AMY GOODMAN: You’re listening to Pacifica Radio’s Democracy Now! The Exception to the Rulers. I’m Amy Goodman, as we talk about the report just released from an Organization of African Unity panel on the Rwandan genocide of 1994, particularly focusing on the role of the United States, France, the Catholic and Anglican churches, in that genocide. We’re joined by three ambassadors: Ambassador Stephen Lewis, formerly the Canadian ambassador to the U.N., who was part of the group of people who did the report; Ambassador Joseph Mutaboba will be joining us in just a minute, Rwanda’s ambassador to the United Nations; and Ambassador David Scheffer is with us from the State Department, U.S. ambassador-at-large for war crimes. You were criticizing the report, Ambassador Scheffer, for—as you talked about the discussion of intentions. But what about the U.S. government stopping the Security Council from authorizing a peacekeeping force from moving into Rwanda before the genocide?

DAVID SCHEFFER: Well, we have acknowledged that during those first two weeks of the genocide, we had two very clear priorities. And we’ve always—you know, we’ve described this as our conventional response to an unconventional crisis, and we’ve learned lessons from that. But the conventional response was, first, get all Americans out of there, and secondly, protect the peacekeepers themselves. And if that means actually removing the peacekeepers, then—given the fact that the donor countries were demanding that they be removed, then we had to respond to that, particularly Belgium’s demand that its peacekeepers be removed.

We were also very closely in contact with the secretary-general and with Kofi Annan, who at that time was head of the peacekeeping operations. And I can assure you that in those early weeks, we were so closely in contact with them that the actions that we were taking in the Security Council very much reflected their thinking. Now, it did occur that when we took the step—I guess in about the second week or so of the genocide—to propose, you know, withdrawing the entire peacekeeping force because of the violence that was erupting—and it did not have a mandate to deal with that violence, nor the training to do so—that it encountered dissent within—by some members of the council. So we put our proposals aside, we sat down with the members, and we started working, along with the secretary-general, on how to keep a peacekeeping force there in a manner that was going to be acceptable to the membership of the Security Council.
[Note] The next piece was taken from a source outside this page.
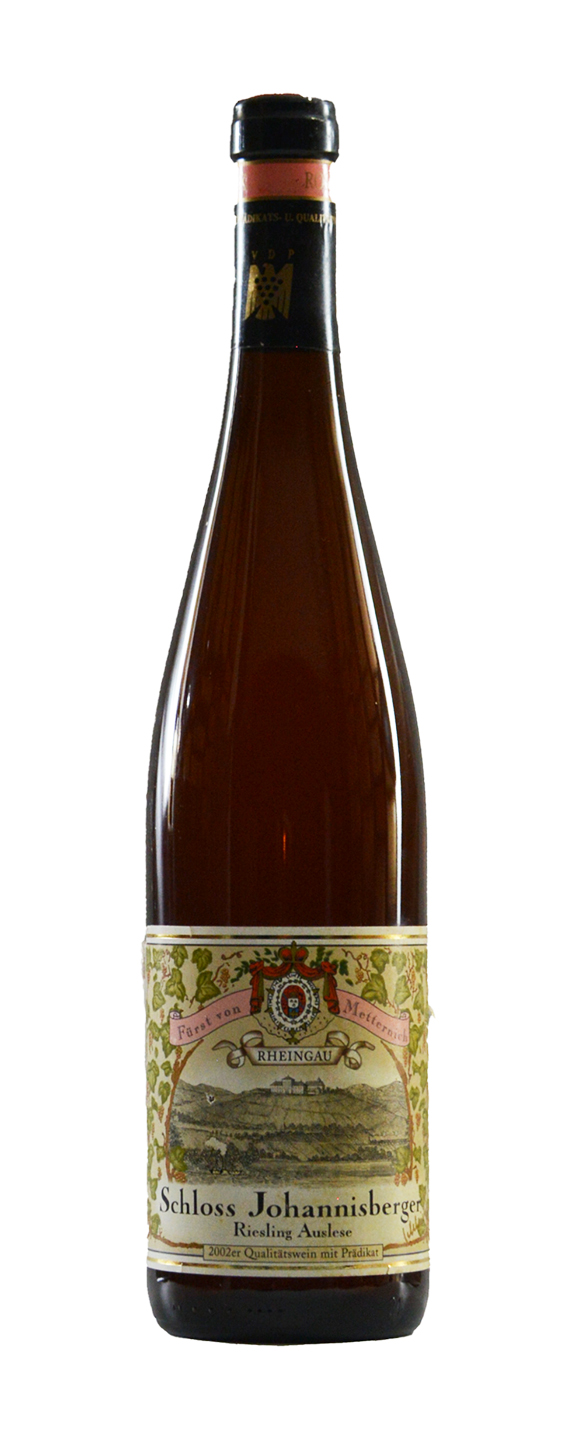 Schloss Johannisberg Rosalack Riesling Auslese 2002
So, you know, when we look back at how we acted at that time, it’s clear in hindsight that it would have been preferable to have perhaps acted in a somewhat different way to try to shore up the peacekeeping effort with forces that in fact could take on that kind of mandate under those circumstances more quickly than was the result. But at the time, and under the circumstances at the time, we were dealing with a lot of recommendations coming from the donor countries themselves, from the secretary-general, from the head of peacekeeping operations, and also we were dealing with—with, you know, what we ourselves were capable of doing on a short notice.
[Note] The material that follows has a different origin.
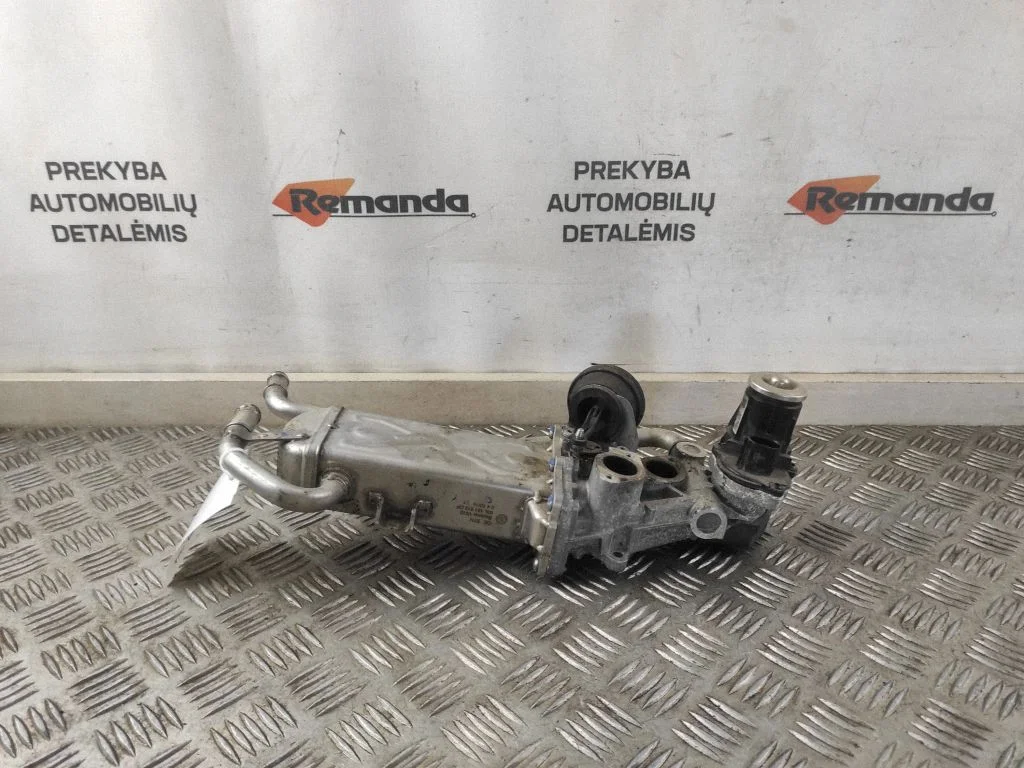 EGR valve cooler 03L131512DP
I think we’ve learned from the experience two major things. First, that when there is a lot of mass killing unfolding, you have to consider dynamic military options much more quickly than we did so at that time. We acknowledge that. We have to act more quickly to consider how to respond militarily in real time in an unconventional crisis, as opposed to sort of a conventional, as Ambassador Lewis said, civil war scenario.

Secondly, there’s been a tremendous amount of misrepresentation and confusion about the use of the word "genocide" by the U.S. government. And this tape from June is a classic tape, and we’ve often talked about it. She did say "acts of genocide," and, you know, in retrospect, we should have clarified with the spokeswoman, you know, acts of genocide is genocide; don’t try to fudge the distinction. But at the time, we just didn’t get that clarified. We were very, very prepared, as of mid-May, to take the position that genocide was occurring in Rwanda. We made that decision internally, and then our spokespeople were instructed to that effect, but it just got a little bungled in the way it was actually delivered when actually asked by the press.

AMY GOODMAN: Well, let me ask Ambassador Stephen Lewis: Do you think it was bungled, or do you think that that was deliberate because to say the actual word "genocide" without the qualified "acts of" would trigger a process that would mean peacekeepers moving in? Ambassador Lewis?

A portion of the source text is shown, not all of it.